Iron sales were $63 million in Q2, an increase of 20% versus last year. This was driven by the successful launch of our XR Irons, as well as continued momentum in our Big Bertha and Apex Irons. On a year-to-date basis Callaway is the number one iron per dollar market share in the U.S.
Putter sales were $26 million in Q2, a decrease of 2% compared to last year. We had continued success with our inline putters, driven by the success of our Odyssey Works Putter Line, offset by close out volumes of putters in Q2 of 2014, impacting the year-over-year comparison.
On year-to-date basis, Odyssey is number one putter for dollar market share in the U.S. Golf ball sales were $43 million in Q2, an increase of 11% compared to last year. This was due to the successful launch of our new Chrome Soft golf ball and the continued success of our Supersoft line of balls.

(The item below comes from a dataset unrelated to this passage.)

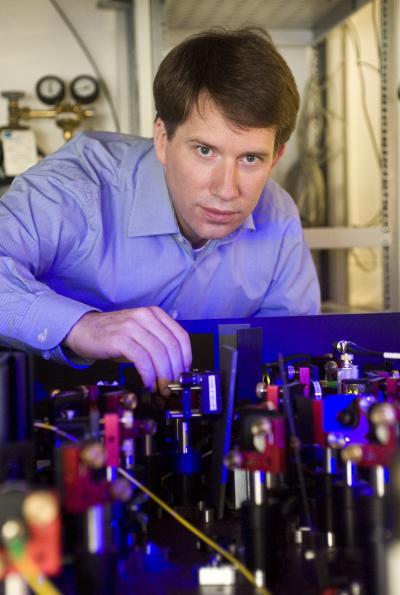 Arno Rauschenbeutel, Vienna University of Technology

On a year-to-date basis, Callaway is the number two golf ball for dollar market share in the U.S. Accessories and other sales were $60 million in Q2, an increase of 1% compared to last year, mostly driven by our golf bag business.
Turning now to the balance sheet, we ended Q2, 2015 with cash of $27 million, roughly equivalent to $29 million for Q2 of last year. We had $43 million of outstanding borrowings on our ABL credit facilities at the end of Q2 2015, compared to $60 million in Q2 of last year.
Available liquidity including cash improved to $143 million compared to $71 million last year. Our consolidated net receivables were $220 million at the end of Q2 2015. An increase of 12% compared to Q2 of last year. DSO increased to 87 days compared to 78 days last year. Due to a change in our standard terms customer mix and new product launch timing.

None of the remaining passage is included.